Output the data in full and exactly as presented.

====== RECORDS FOR THE EXERCISE ======

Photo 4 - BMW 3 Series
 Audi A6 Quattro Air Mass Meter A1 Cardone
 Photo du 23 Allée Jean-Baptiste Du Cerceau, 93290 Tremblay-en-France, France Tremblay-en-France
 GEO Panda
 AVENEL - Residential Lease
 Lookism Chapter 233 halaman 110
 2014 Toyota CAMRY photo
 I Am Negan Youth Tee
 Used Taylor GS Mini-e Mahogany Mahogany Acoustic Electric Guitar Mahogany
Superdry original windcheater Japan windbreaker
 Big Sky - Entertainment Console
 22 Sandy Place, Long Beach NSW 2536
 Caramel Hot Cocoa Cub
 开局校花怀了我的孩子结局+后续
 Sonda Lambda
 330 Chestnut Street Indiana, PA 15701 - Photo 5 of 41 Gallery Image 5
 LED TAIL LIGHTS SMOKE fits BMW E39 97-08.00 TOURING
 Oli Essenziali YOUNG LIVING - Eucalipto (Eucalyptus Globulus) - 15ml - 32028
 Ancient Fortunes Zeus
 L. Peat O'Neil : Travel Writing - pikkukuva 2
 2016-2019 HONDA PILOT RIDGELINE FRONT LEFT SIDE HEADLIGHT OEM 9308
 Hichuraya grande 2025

======

# [TASK OUTPUT]
Photo 4 - BMW 3 Series
 Audi A6 Quattro Air Mass Meter A1 Cardone
 Photo du 23 Allée Jean-Baptiste Du Cerceau, 93290 Tremblay-en-France, France Tremblay-en-France
 GEO Panda
 AVENEL - Residential Lease
 Lookism Chapter 233 halaman 110
 2014 Toyota CAMRY photo
 I Am Negan Youth Tee
 Used Taylor GS Mini-e Mahogany Mahogany Acoustic Electric Guitar Mahogany
Superdry original windcheater Japan windbreaker
 Big Sky - Entertainment Console
 22 Sandy Place, Long Beach NSW 2536
 Caramel Hot Cocoa Cub
 开局校花怀了我的孩子结局+后续
 Sonda Lambda
 330 Chestnut Street Indiana, PA 15701 - Photo 5 of 41 Gallery Image 5
 LED TAIL LIGHTS SMOKE fits BMW E39 97-08.00 TOURING
 Oli Essenziali YOUNG LIVING - Eucalipto (Eucalyptus Globulus) - 15ml - 32028
 Ancient Fortunes Zeus
 L. Peat O'Neil : Travel Writing - pikkukuva 2
 2016-2019 HONDA PILOT RIDGELINE FRONT LEFT SIDE HEADLIGHT OEM 9308
 Hichuraya grande 2025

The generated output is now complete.